● Source material:

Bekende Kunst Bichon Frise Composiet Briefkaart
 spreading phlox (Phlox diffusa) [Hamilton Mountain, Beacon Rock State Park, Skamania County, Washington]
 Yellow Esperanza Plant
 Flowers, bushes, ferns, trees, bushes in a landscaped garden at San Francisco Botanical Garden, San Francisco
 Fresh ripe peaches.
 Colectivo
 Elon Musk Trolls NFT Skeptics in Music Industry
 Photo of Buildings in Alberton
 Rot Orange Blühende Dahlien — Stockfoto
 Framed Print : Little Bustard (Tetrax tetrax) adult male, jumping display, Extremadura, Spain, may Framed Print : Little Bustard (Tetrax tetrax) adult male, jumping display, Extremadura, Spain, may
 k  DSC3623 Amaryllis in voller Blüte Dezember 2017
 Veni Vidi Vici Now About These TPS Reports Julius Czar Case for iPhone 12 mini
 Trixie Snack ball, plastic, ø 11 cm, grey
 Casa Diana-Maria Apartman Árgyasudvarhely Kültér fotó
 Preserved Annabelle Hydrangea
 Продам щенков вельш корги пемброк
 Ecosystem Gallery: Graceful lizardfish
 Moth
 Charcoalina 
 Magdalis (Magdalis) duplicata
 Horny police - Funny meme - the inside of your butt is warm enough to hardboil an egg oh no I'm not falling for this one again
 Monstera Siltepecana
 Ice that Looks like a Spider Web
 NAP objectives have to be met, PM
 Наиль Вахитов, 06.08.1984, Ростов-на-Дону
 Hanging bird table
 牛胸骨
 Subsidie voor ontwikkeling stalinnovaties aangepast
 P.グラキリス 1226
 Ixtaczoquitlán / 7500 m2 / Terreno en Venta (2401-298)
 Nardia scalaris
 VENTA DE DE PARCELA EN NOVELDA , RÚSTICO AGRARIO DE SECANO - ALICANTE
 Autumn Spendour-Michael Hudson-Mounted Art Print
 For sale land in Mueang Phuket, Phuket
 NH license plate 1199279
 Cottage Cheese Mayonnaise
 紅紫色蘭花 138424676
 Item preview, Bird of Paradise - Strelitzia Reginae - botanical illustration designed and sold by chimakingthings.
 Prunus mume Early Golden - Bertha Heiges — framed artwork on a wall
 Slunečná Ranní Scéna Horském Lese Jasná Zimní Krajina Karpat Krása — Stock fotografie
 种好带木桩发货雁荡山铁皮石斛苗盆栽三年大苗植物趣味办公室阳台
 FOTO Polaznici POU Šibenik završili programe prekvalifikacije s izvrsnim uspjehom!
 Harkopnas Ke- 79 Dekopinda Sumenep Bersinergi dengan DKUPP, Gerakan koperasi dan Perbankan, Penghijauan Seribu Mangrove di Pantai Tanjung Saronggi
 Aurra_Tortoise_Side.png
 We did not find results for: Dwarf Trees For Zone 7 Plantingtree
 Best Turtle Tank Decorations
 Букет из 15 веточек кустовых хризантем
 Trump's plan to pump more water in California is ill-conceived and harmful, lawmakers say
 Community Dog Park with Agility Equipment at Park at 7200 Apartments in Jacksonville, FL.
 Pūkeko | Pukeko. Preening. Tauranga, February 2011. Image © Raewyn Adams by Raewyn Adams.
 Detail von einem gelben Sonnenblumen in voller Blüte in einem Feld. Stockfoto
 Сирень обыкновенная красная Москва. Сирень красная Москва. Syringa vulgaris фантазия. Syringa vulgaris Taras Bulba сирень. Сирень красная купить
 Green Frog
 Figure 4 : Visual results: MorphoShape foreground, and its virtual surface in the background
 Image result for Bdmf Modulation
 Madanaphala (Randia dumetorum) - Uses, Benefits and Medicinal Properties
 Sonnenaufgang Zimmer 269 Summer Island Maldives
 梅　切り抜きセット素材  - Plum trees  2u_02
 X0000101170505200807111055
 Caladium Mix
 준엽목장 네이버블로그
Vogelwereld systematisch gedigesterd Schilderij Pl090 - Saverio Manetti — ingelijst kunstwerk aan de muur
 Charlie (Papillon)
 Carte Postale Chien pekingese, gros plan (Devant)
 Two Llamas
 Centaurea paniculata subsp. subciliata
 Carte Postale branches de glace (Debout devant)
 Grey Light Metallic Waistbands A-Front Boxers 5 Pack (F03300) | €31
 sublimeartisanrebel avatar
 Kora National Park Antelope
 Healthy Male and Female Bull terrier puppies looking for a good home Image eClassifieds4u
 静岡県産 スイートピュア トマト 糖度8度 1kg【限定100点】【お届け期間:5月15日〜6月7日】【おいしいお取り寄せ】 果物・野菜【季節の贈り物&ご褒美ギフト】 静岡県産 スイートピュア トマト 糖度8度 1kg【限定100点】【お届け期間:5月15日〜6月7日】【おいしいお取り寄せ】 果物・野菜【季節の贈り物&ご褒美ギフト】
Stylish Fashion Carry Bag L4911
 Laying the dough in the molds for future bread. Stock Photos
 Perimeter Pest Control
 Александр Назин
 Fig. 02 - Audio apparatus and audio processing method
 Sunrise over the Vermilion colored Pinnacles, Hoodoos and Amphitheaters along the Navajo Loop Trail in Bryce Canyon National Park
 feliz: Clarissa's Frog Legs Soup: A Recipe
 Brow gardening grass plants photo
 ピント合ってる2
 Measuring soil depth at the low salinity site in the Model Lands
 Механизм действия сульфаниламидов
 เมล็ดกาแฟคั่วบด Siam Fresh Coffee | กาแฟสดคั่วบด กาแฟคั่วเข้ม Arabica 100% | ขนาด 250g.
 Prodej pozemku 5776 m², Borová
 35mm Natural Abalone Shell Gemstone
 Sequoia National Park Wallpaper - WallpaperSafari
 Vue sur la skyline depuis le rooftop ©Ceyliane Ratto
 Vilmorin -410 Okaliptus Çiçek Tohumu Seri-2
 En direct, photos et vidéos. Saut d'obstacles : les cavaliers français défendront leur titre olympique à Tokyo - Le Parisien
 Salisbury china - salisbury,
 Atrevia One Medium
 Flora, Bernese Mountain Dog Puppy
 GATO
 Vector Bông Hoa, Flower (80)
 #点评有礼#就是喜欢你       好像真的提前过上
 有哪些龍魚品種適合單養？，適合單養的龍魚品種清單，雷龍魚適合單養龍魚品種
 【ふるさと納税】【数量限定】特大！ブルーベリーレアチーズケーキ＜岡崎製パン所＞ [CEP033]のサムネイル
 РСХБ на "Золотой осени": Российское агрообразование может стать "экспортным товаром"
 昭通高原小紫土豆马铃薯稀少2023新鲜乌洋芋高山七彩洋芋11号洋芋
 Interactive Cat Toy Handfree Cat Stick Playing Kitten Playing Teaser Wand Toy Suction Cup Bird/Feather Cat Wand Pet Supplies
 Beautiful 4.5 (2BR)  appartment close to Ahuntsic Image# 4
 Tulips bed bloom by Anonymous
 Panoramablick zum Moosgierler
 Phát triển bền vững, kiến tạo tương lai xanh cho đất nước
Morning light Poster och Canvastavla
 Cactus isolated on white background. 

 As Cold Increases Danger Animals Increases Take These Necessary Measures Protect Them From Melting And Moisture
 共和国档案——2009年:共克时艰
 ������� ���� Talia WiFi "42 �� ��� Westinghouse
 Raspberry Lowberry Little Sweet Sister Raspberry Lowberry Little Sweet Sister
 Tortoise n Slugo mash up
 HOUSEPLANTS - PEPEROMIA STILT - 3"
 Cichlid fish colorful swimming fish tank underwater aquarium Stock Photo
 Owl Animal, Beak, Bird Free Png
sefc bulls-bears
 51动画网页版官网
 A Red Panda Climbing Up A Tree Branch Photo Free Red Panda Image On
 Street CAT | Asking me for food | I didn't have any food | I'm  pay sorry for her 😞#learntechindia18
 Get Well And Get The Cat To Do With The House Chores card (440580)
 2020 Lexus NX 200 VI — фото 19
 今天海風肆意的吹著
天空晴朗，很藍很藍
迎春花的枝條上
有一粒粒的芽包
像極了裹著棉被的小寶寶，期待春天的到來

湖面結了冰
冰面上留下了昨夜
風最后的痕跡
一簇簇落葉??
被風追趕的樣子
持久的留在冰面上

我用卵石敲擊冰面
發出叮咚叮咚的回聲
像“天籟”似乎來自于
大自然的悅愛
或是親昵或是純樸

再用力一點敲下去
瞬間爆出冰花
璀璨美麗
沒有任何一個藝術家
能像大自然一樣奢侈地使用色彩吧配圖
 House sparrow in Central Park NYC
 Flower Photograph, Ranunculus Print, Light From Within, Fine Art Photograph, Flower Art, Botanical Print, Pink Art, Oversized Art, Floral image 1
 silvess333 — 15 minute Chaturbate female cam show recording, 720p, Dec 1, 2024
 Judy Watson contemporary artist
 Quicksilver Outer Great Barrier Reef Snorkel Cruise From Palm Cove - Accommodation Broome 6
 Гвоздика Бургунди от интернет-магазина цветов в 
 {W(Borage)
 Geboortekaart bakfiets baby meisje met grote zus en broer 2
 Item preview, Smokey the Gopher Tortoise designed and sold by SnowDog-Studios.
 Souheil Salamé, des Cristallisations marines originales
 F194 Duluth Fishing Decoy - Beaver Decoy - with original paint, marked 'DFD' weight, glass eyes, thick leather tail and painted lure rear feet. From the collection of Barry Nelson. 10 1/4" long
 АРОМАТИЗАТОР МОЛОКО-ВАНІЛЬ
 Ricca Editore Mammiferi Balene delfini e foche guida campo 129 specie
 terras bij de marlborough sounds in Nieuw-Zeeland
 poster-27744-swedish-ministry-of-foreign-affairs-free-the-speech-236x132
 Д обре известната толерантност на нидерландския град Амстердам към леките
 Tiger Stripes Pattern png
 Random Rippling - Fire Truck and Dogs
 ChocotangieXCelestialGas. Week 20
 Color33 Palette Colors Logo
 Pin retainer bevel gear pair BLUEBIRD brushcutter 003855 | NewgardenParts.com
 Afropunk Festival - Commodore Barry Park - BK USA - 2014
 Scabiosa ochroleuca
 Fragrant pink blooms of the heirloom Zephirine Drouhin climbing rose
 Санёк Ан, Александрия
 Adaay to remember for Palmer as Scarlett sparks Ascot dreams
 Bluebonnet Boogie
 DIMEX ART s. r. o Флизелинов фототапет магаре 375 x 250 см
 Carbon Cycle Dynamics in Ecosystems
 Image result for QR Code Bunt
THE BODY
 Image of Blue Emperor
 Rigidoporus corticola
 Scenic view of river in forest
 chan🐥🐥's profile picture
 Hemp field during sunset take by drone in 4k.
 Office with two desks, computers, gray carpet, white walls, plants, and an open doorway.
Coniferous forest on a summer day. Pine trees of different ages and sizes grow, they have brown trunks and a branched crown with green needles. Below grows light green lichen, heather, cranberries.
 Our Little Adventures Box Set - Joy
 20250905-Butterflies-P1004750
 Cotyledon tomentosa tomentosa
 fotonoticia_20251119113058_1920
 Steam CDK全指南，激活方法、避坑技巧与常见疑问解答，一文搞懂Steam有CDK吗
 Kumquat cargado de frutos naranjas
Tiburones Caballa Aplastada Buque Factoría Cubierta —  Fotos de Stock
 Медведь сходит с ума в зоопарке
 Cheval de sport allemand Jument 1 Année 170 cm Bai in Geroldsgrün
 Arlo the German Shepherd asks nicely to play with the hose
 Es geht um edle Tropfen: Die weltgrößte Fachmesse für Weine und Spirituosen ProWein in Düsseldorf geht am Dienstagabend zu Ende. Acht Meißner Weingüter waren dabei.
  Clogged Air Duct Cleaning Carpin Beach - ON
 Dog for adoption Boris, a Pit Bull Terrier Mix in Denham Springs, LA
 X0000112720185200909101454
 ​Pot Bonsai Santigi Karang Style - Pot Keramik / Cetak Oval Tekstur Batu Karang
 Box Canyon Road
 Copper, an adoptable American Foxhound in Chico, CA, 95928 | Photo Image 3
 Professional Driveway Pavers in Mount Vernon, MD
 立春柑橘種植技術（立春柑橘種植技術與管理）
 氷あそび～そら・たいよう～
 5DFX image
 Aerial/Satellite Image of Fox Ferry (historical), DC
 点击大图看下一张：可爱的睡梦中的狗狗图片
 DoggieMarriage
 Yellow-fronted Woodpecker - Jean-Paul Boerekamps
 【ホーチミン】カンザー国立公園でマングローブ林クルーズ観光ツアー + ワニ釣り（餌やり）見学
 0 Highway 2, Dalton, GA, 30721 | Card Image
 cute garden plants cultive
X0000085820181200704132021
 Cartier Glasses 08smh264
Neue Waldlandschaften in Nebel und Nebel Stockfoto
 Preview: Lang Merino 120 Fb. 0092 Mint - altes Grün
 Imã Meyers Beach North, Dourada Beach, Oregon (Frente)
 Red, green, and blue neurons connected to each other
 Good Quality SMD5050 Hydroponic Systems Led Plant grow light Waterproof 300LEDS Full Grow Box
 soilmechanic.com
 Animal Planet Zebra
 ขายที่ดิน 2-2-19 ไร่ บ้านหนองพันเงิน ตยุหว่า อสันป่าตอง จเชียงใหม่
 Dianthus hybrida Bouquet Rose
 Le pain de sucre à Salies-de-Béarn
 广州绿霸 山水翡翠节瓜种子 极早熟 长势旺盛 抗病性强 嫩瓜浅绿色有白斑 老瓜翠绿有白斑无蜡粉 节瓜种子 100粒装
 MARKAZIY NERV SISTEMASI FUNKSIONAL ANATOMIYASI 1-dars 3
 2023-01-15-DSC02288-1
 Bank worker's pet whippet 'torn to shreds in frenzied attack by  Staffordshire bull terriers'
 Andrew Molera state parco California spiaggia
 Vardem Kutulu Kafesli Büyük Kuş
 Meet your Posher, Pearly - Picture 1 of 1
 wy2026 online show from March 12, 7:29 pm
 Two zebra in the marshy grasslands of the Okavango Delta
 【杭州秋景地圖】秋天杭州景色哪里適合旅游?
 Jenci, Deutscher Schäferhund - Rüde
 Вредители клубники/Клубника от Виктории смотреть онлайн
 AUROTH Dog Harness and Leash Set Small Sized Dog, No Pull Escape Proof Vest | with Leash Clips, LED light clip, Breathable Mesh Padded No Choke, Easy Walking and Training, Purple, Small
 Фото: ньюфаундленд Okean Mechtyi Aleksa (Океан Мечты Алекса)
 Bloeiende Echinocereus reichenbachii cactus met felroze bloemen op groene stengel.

● Assigned task: Which lines run from the one holding "Panoramablick zum Moosgierler" through the one holding "Гвоздика Бургунди от" in the records above? Repeat them exactly, both included, and nothing more.

● Answer to this exercise:
 Panoramablick zum Moosgierler
 Phát triển bền vững, kiến tạo tương lai xanh cho đất nước
Morning light Poster och Canvastavla
 Cactus isolated on white background. 

 As Cold Increases Danger Animals Increases Take These Necessary Measures Protect Them From Melting And Moisture
 共和国档案——2009年:共克时艰
 ������� ���� Talia WiFi "42 �� ��� Westinghouse
 Raspberry Lowberry Little Sweet Sister Raspberry Lowberry Little Sweet Sister
 Tortoise n Slugo mash up
 HOUSEPLANTS - PEPEROMIA STILT - 3"
 Cichlid fish colorful swimming fish tank underwater aquarium Stock Photo
 Owl Animal, Beak, Bird Free Png
sefc bulls-bears
 51动画网页版官网
 A Red Panda Climbing Up A Tree Branch Photo Free Red Panda Image On
 Street CAT | Asking me for food | I didn't have any food | I'm  pay sorry for her 😞#learntechindia18
 Get Well And Get The Cat To Do With The House Chores card (440580)
 2020 Lexus NX 200 VI — фото 19
 今天海風肆意的吹著
天空晴朗，很藍很藍
迎春花的枝條上
有一粒粒的芽包
像極了裹著棉被的小寶寶，期待春天的到來

湖面結了冰
冰面上留下了昨夜
風最后的痕跡
一簇簇落葉??
被風追趕的樣子
持久的留在冰面上

我用卵石敲擊冰面
發出叮咚叮咚的回聲
像“天籟”似乎來自于
大自然的悅愛
或是親昵或是純樸

再用力一點敲下去
瞬間爆出冰花
璀璨美麗
沒有任何一個藝術家
能像大自然一樣奢侈地使用色彩吧配圖
 House sparrow in Central Park NYC
 Flower Photograph, Ranunculus Print, Light From Within, Fine Art Photograph, Flower Art, Botanical Print, Pink Art, Oversized Art, Floral image 1
 silvess333 — 15 minute Chaturbate female cam show recording, 720p, Dec 1, 2024
 Judy Watson contemporary artist
 Quicksilver Outer Great Barrier Reef Snorkel Cruise From Palm Cove - Accommodation Broome 6
 Гвоздика Бургунди от интернет-магазина цветов в 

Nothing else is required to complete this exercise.